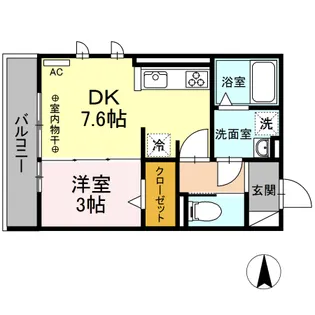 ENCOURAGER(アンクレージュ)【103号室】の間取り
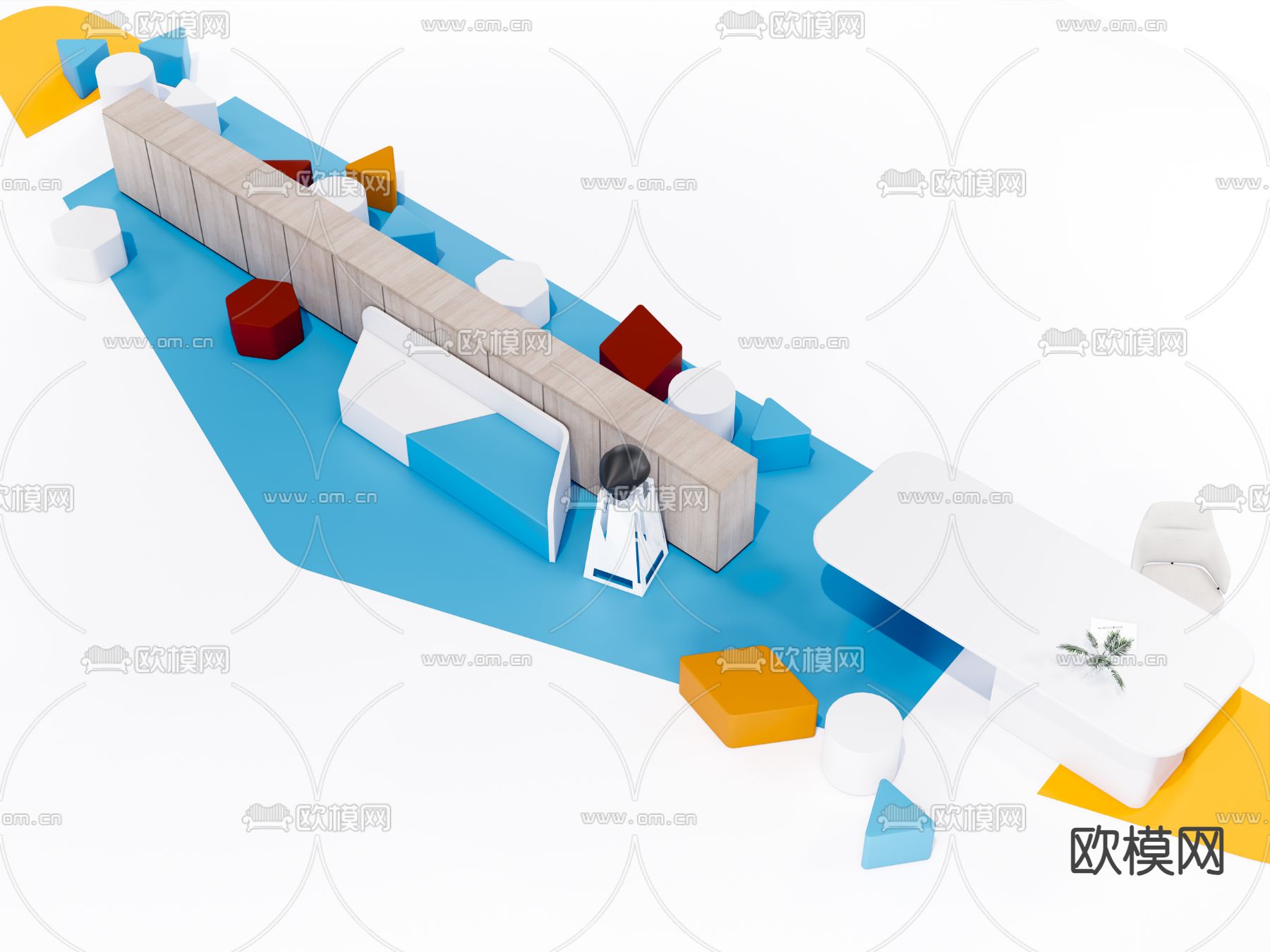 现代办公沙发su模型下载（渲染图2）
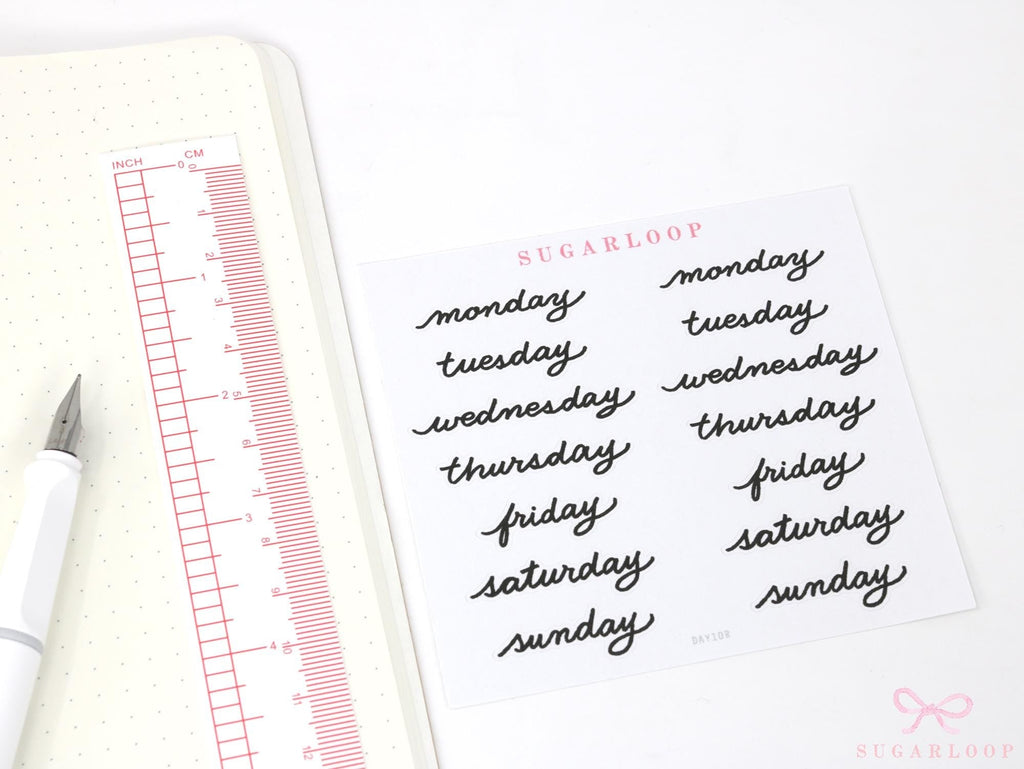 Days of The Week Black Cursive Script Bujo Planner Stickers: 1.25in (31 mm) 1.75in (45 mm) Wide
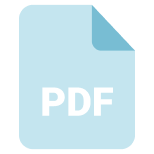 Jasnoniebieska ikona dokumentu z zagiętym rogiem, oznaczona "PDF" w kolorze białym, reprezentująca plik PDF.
--
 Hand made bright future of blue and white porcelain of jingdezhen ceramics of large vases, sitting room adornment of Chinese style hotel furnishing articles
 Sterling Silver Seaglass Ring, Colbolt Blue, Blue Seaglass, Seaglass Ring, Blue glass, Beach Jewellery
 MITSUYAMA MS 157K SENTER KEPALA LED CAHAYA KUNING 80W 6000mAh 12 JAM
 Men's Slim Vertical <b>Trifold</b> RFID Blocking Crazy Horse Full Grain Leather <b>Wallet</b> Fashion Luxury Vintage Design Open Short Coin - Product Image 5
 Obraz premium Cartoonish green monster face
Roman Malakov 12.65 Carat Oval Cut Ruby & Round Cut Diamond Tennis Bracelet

* Directions for this task *
Above are the records. Print exactly, and only, the lines from the line with "Obraz premium Cartoonish green monster face" to the line with "Roman Malakov 12.65", both inclusive.

* Response *
 Obraz premium Cartoonish green monster face
Roman Malakov 12.65 Carat Oval Cut Ruby & Round Cut Diamond Tennis Bracelet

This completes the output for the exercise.